Extended Processing of "Fake" Formulas

Description

Create a simplified or "fake" version of a model formula for internal use in gamlss2. Many model formulas in gamlss2 may contain complex terms such as smoothing functions, tensor-product interactions, distributional components, or multiple right-hand sides. These extended formulas cannot be passed directly to model.frame, which expects a traditional formula as used in lm or glm.

fake_formula() therefore "fakes" a standard formula by rewriting the original model specification into a form that is acceptable to model.frame, while preserving all variable transformations (e.g., log(), exp(), arithmetic expressions) and extracting any special model terms. These special terms can then be handled separately during model setup and fitting.

In summary, the function separates the parsing of model terms from the creation of the data frame: it provides a clean, simplified formula that ensures correct extraction and evaluation of variables.

Usage

fake_formula(formula, specials = NULL,
  nospecials = FALSE, onlyspecials = FALSE)

Arguments

formula A formula, Formula, or a list of formulas.
specials Character, vector of names of special functions in the formula, see terms.formula.
nospecials Logical, should variables of special model terms be part of the "fake formula"?
onlyspecials Logical, should only the special model terms be returned?

Value

Depending on the input formula, the function returns a formula or Formula.

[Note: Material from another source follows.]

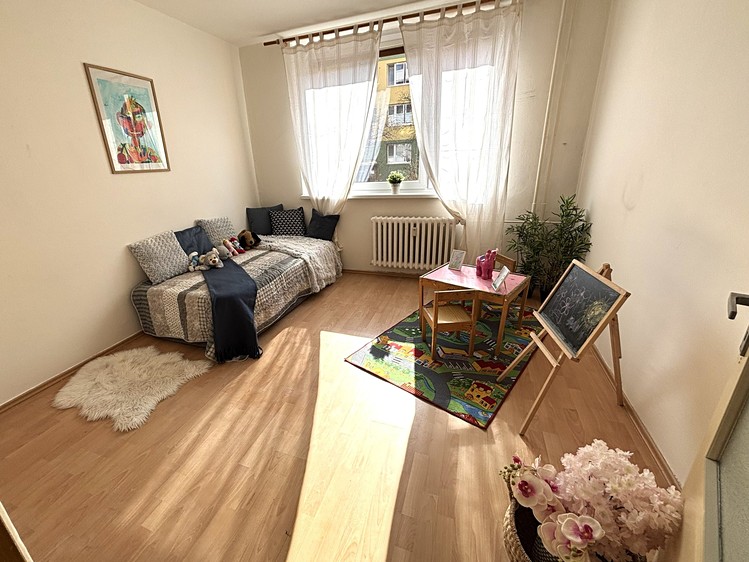 Prodej bytu 3+1 78 m² (Jednopodlažní) - foto 6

If onlyspecials = TRUE a vector or list of special model term names is returned.

Note

In some versions of the RStudio IDE, printing or inspecting a fake_formula() object may trigger a message of the form

‘length = 2’ in coercion to ‘logical(1)’.

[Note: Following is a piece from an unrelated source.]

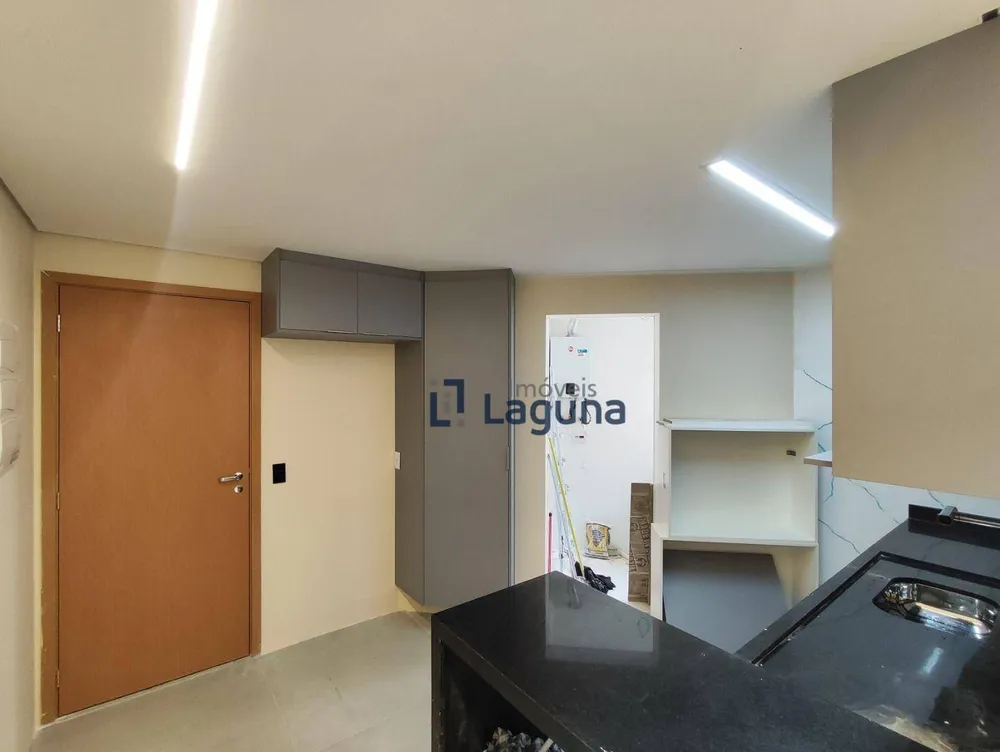 Apartamento, 2 quartos, 59 m² - Foto 1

This is due to the way RStudio internally inspects objects of class Formula, whose length() method returns a two-element vector (reflecting the number of left- and right-hand side components). The message does not indicate a problem with fake_formula(), and the returned object is valid and works correctly with model.frame() and subsequent processing. The message does not appear in a standard R session outside RStudio.

See Also

gamlss2

Examples

library("gamlss2")

## basic formula, log(x3) should be kept
f <- y ~ x1 + x2 + log(x3)
ff <- fake_formula(f)
print(ff)
y ~ x1 + x2 + log(x3)
## including special model terms
## again, keep log(x3)
f <- y ~ x1 + s(x2) + x3 + te(log(x3), x4)
ff <- fake_formula(f)
print(ff)
~x1 + x3 + x2 + log(x3) + x4
## multiple parts on the right-hand side
f <- y ~ x1 + s(x2) + x3 + te(log(x3), x4) | x2 + sqrt(x5)
ff <- fake_formula(f)
print(ff)
y ~ x1 + x3 + x2 + log(x3) + x4 | x2 + sqrt(x5)
## collapse all formula parts
print(formula(ff, collapse = TRUE))
y ~ x1 + x3 + x2 + log(x3) + x4 + (x2 + sqrt(x5))
print(formula(ff, collapse = TRUE, update = TRUE))
y ~ x1 + x3 + x2 + log(x3) + x4 + sqrt(x5)
## list of formulas
f <- list(
  y ~ x1 + s(x2) + x3 + te(log(x3), x4),
    ~ x2 + sqrt(x5),
    ~ z2 + x1 + exp(x3)
)
ff <- fake_formula(f)
print(ff)
y ~ x1 + x3 + x2 + log(x3) + x4 | x2 + sqrt(x5) | z2 + x1 + exp(x3)
## extract separate parts on the right-hand side
formula(ff, rhs = 1)
y ~ x1 + x3 + x2 + log(x3) + x4
formula(ff, rhs = 2)
y ~ x2 + sqrt(x5)
formula(ff, rhs = 3)
y ~ z2 + x1 + exp(x3)
## formula with multiple responses and multiple parts
f <- y1 | y2 | y3 ~ x1 + s(x2) + x3 + te(log(x3), x4) | x2 + ti(x5)
ff <- fake_formula(f)
print(ff)
y1 | y2 | y3 ~ x1 + x3 + x2 + log(x3) + x4 | x2 + x5
## list of formulas with multiple responses
f <- list(
  y1 ~ x1 + s(x2) + x3 + te(log(x3), x4),
  y2 ~ x2 + sqrt(x5),
  y3 ~ z2 + x1 + exp(x3) + s(x10)
)
ff <- fake_formula(f)
print(ff)
y1 | y2 | y3 ~ x1 + x3 + x2 + log(x3) + x4 | x2 + sqrt(x5) | 
    z2 + x1 + exp(x3) + x10
## extract only without special terms
ff <- fake_formula(f, nospecials = TRUE)
print(ff)
y1 | y2 | y3 ~ x1 + x3 | x2 + sqrt(x5) | z2 + x1 + exp(x3)
## extract only special terms
ff <- fake_formula(f, onlyspecials = TRUE)
print(ff)
[[1]]
[1] "s(x2)"          "te(log(x3),x4)"

[[2]]
character(0)

[[3]]
[1] "s(x10)"